## ABOUT THIS EXERCISE
The copy has to match the data exactly and leave out every picture.

Records from a data source:
━━━━━━
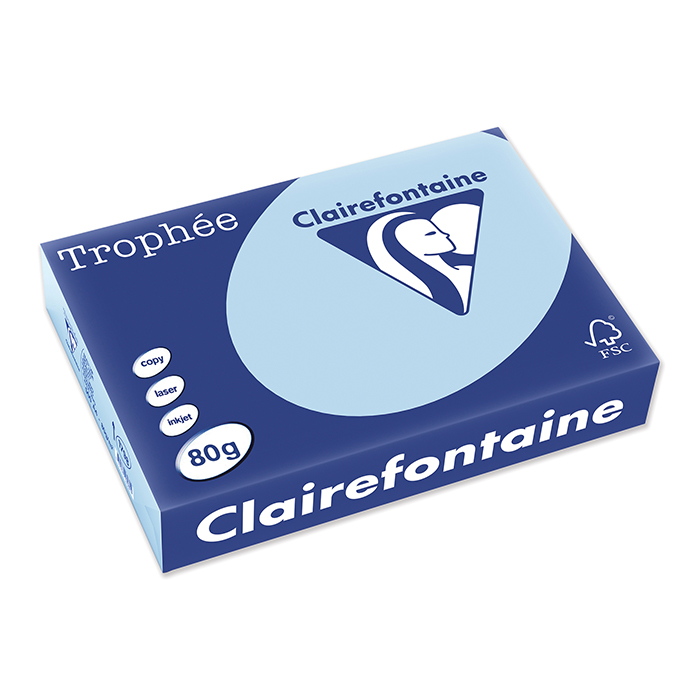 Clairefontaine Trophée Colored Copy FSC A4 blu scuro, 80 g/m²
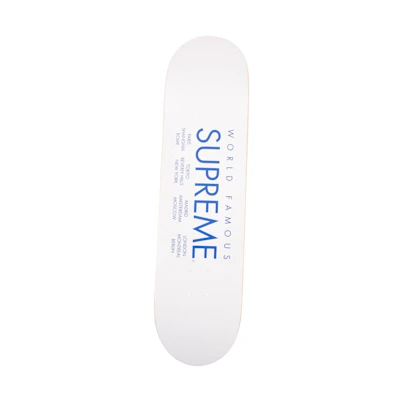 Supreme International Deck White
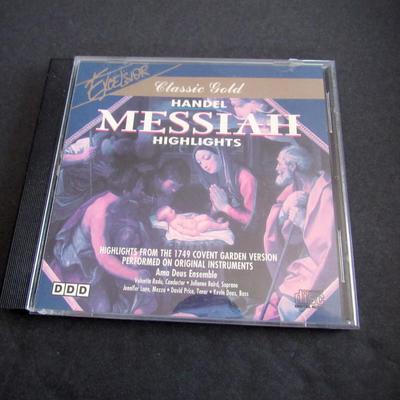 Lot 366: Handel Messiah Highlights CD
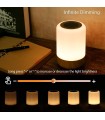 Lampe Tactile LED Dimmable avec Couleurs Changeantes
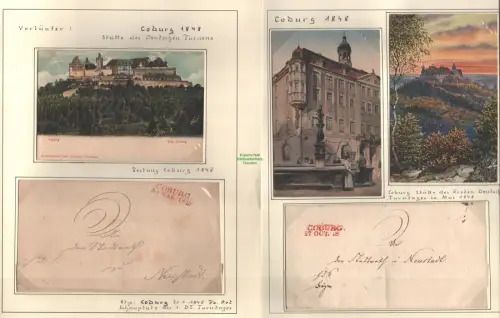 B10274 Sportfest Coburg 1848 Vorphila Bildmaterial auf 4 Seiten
━━━━━━
## REPLY
 Clairefontaine Trophée Colored Copy FSC A4 blu scuro, 80 g/m²
 Supreme International Deck White
 Lot 366: Handel Messiah Highlights CD
 Lampe Tactile LED Dimmable avec Couleurs Changeantes
 B10274 Sportfest Coburg 1848 Vorphila Bildmaterial auf 4 Seiten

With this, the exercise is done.